The next lemma establishes existence of solutions to Eq. (5.28) with \(L_2(\mathbb {T}^d)\) initial data. It relies on Lemma 5.7 and extends [27, Propositions 7.3.1].

Lemma 5.8

For any \(v_0\in L_2(\mathbb {T}^d)\) Eq. (5.28) has a unique analytically generalized strong solution v with the initial condition \(v_0\). Furthermore, we have \(v\in \mathcal {C}((0,T],\mathcal {C}^2(\mathbb {T}^d))\).

Proof

The proof of the uniqueness part is the same as in Lemma 5.6.
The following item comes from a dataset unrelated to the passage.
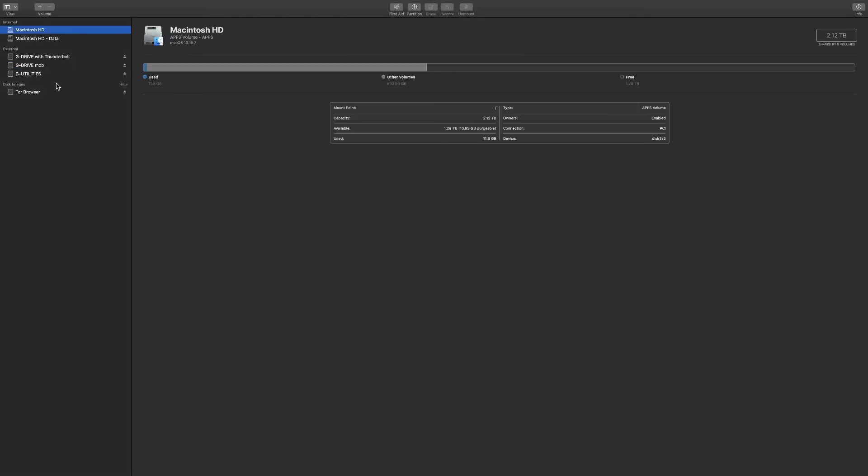The next thing you're going to want to do is eject the drive safely from your Mac and take it on over to your PlayStation.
Let us show existence of a solution to (5.28). Let \((v^n_0)_{n\in \mathbb {Z}_+}\) be a sequence of \(\mathcal {C}^2(\mathbb {T}^d)\) functions converging in \(L_2\) to \(v_0\in L_2(\mathbb {T}^d)\). Let \(v^n\) be the analytically strong solution of (5.28) with the initial condition \(v^n_0\) (it exists thanks to Lemma 5.5). By Lemma 5.7(i,ii) there exists \(v\in \mathcal {C}([0,T],L_2(\mathbb {T}^d))\) such that

$$\begin{aligned} v(t)\in L_{\infty }(\mathbb {T}^d),\,\,t\in (0,T] \quad \text {and }\sup _{t\in [0,T]}\Vert v^n(t)-v(t)\Vert _{L_2}\rightarrow 0\,\,\text {as } n\rightarrow \infty . \end{aligned}$$
(5.38)

We claim now that v is an analytically generalized strong solution to (5.28) with the initial condition \(v_0\).
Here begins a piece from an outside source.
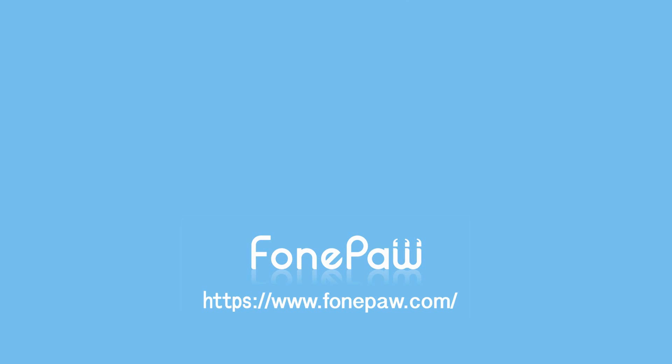That's all. If you want to see more mobile tips, you can subscribe us or go to FonePaw.com.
Indeed, we have by construction \(v(0)=v_0\) and \(v\in \mathcal {C}([0,T],L_2(\mathbb {T}^d))\) as a limit of the functions from the space \(\mathcal {C}([0,T],L_2(\mathbb {T}^d))\). Fix any \(\varepsilon \in (0,T]\) and let us verify that identity (4.2) holds.

By (5.38), we have \(v(\varepsilon /2)\in L_\infty \). Therefore, by Lemma 5.8 there exists a process \(\bar{v}\in \mathcal {C}((\varepsilon /2,T],\mathcal {C}^2(\mathbb {T}^d))\), which is an analytically generalized strong solution of (5.28) on interval \([\varepsilon /2,T]\) with the initial condition \(v(\varepsilon /2)\). Therefore, by Lemma 5.7(iii) we have \(\bar{v}(t)=v(t)\) for any \(t>\varepsilon /2\). Thus, identity (4.2) holds and for any \(t\geqslant \varepsilon \) the function v(t) has a version which is in \(\mathcal {C}^2(\mathbb {T}^d)\). Since \(\varepsilon \) was arbitrary, this implies the statement of the lemma. \(\square \)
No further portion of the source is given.